Offen auch für unbequeme Schüler
Dabei gäbe es rückblickend viel Gutes zu berichten. Die Osbekschule hat immerhin 79 Jahre Flensburger Schulgeschichte geschrieben. Viele Generationen von jungen Flensburgern haben hier ihre Schullaufbahn begonnen und auch beendet. Die Klassengrößen waren überschaubar und hatten mit bis zu 20 Schülern eine optimale Stärke. Die Osbekschule, eine typische Stadtteilschule, war immer offen auch für unbequeme Schüler, die hier ihren Abschluss machten. Derzeit sind noch 210 Schüler an der Osbekschule, von denen ein Teil gerade den Hauptschulabschluss gemacht hat.

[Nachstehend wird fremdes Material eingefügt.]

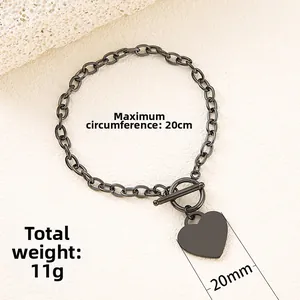 Gunmetal stainless steel chain bracelet with heart charm and T-bar clasp detail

Mit dem Niedergang der Hauptschule im Allgemeinen wurde auch das langsame Sterben der Osbekschule eingeläutet. Immer weniger Schüler wurden für den Hauptschulzweig angemeldet. Als die Stadt beschloss, den Grundschulzweig einzustellen und die Osbekschule zur Regionalschule zu machen, wusste man anfangs vielleicht nicht, welche Auswirkungen das haben würde. Doch für die Eltern blieb sie eine Hauptschule; die Anmeldungen brachen weg. Nach der Petrischule kommt jetzt das Aus für eine weitere frühere Hauptschule.